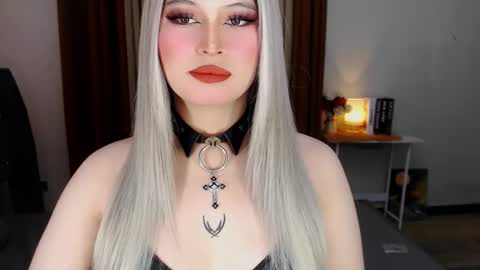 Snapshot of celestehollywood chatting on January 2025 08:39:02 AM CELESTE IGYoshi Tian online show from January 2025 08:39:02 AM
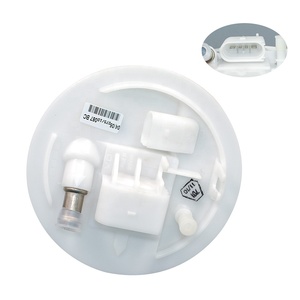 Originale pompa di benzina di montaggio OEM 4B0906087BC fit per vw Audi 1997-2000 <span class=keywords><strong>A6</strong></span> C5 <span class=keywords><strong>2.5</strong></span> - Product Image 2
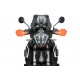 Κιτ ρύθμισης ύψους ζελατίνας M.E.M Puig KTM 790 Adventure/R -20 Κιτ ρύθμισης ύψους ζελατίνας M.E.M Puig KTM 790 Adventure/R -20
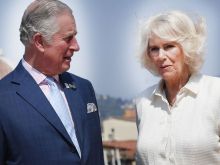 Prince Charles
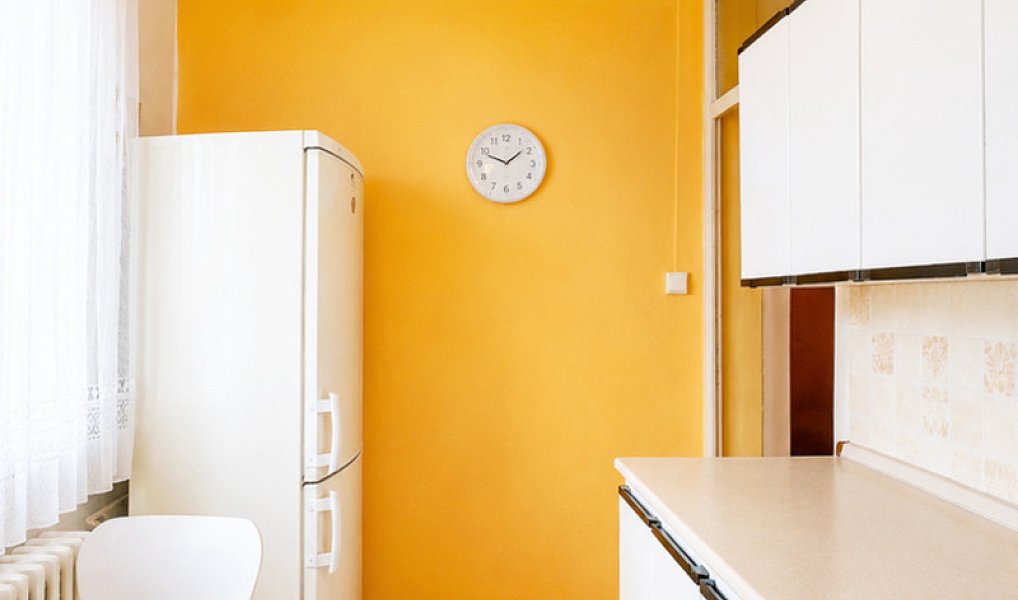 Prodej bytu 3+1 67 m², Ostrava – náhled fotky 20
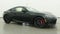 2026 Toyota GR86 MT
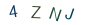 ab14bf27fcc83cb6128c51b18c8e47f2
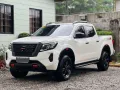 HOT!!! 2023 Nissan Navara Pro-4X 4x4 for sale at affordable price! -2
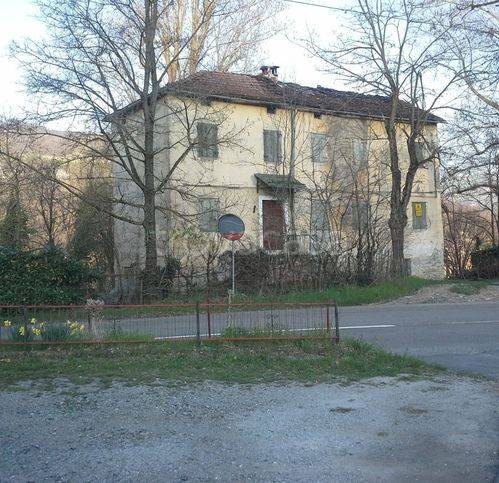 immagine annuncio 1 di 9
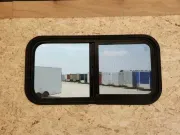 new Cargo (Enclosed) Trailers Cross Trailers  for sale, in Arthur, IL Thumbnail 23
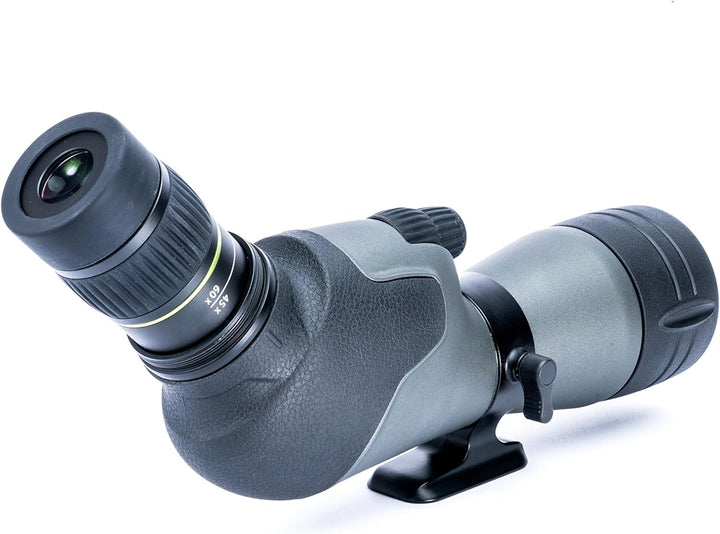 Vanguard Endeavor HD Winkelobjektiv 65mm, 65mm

- - - - - - -

■ Exercise goal ■
Print out the whole of the material word for word, without pictures.

■ Written answer ■
 Snapshot of celestehollywood chatting on January 2025 08:39:02 AM CELESTE IGYoshi Tian online show from January 2025 08:39:02 AM
 Originale pompa di benzina di montaggio OEM 4B0906087BC fit per vw Audi 1997-2000 <span class=keywords><strong>A6</strong></span> C5 <span class=keywords><strong>2.5</strong></span> - Product Image 2
 Κιτ ρύθμισης ύψους ζελατίνας M.E.M Puig KTM 790 Adventure/R -20 Κιτ ρύθμισης ύψους ζελατίνας M.E.M Puig KTM 790 Adventure/R -20
 Prince Charles
 Prodej bytu 3+1 67 m², Ostrava – náhled fotky 20
 2026 Toyota GR86 MT
 ab14bf27fcc83cb6128c51b18c8e47f2
 HOT!!! 2023 Nissan Navara Pro-4X 4x4 for sale at affordable price! -2
 immagine annuncio 1 di 9
 new Cargo (Enclosed) Trailers Cross Trailers  for sale, in Arthur, IL Thumbnail 23
 Vanguard Endeavor HD Winkelobjektiv 65mm, 65mm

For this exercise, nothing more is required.